Vous allez mal ? Tant mieux.

« Comment s’en sortir sans sortir ?», demandait le poète Ghérasim Luca dans une des meilleures réponses-dans-la-question. Puisque c’est comme ça, Sylvie ne demande rien et va passer muraille, ou tomber en elle-même si vous préférez : elle tombe entre deux touches d’ordinateur et se met à écrire ce qu’elle voit sur l’écran de son imagination inconsciente comme Alice a traversé le miroir, et voilà qu’une aventure lui pianote aux doigts : l’histoire à rebondissements d’une anti-Sylvie, son double inversé, qui appâte et mate un à un les hommes qui dans la vraie vie l’ont ignorée. Sa Charlotte compensatoire est audacieuse, bottée, svelte, sait y faire. Que fait-elle d’ailleurs, au moment décisif et chaud ? Claire Vigarello a l’astuce de nous renvoyer à nos fantasmes en ne décrivant jamais les scènes de sexe qui apparemment sont des plus prenantes puisque le jour où le fichier du récit se retrouve dans l’ordinateur d’un éditeur, celui-ci comprend tout de suite qu’il tient un best-seller et une auteure… météorique.

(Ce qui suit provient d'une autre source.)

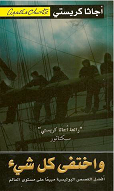 واختفى كل شىء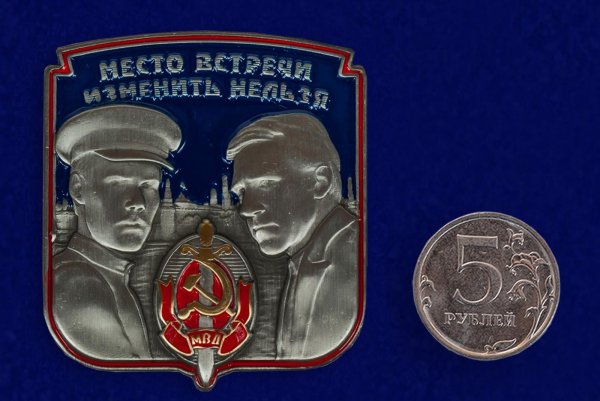 Сувениры. Место встречи изменить нельзя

A l’innocente les mains pleines

L’auteure de ce roman d’une auteure qui s’ignore a cette autre habileté de construire son thriller psychosocial sur une histoire de fichier romanesque transité par on ne sait qui pendant un bon bout de roman.

Si bien que c’est le roman de l’aventure d’un roman. Mais sans se ni nous mettre la tête à l’envers. Sylvie d’ailleurs en serait bien incapable. Elle n’en revient pas, de ce qui lui arrive. Elle qui écrit comme elle peut entre deux factures, trois pauses-café, les courses à faire, des stations en voiture au parking ou en pleine nuit chez la vieille et drolatique voisine à chats malades, la voici projetée dans le grand tourbillon de la médiatisation littéraire. Elle se couvre d’un pseudo d’abord, et puis, et puis, à force, elle devient sa propre héroïne, auteure en propre, et tout lui réussit. On ne vous dit comment ni jusqu’où…

Mais on peut vous dire que ce roman est aussi juste psychologiquement que socialement : la comédie est à tous les étages, réaliste en même temps que fabuleuse façon conte philosophique. Ce n’est pas que tout finisse au mieux dans le meilleur des mondes possibles, mais quand le monde vous semble impossible, n’insistez pas, rentrez en vous comme sous-terre, et rêvez, rêvez-vous, il en restera toujours quelque chose. Intelligente thérapeutique, mine de rien… oui, c’est cela : mine de rien.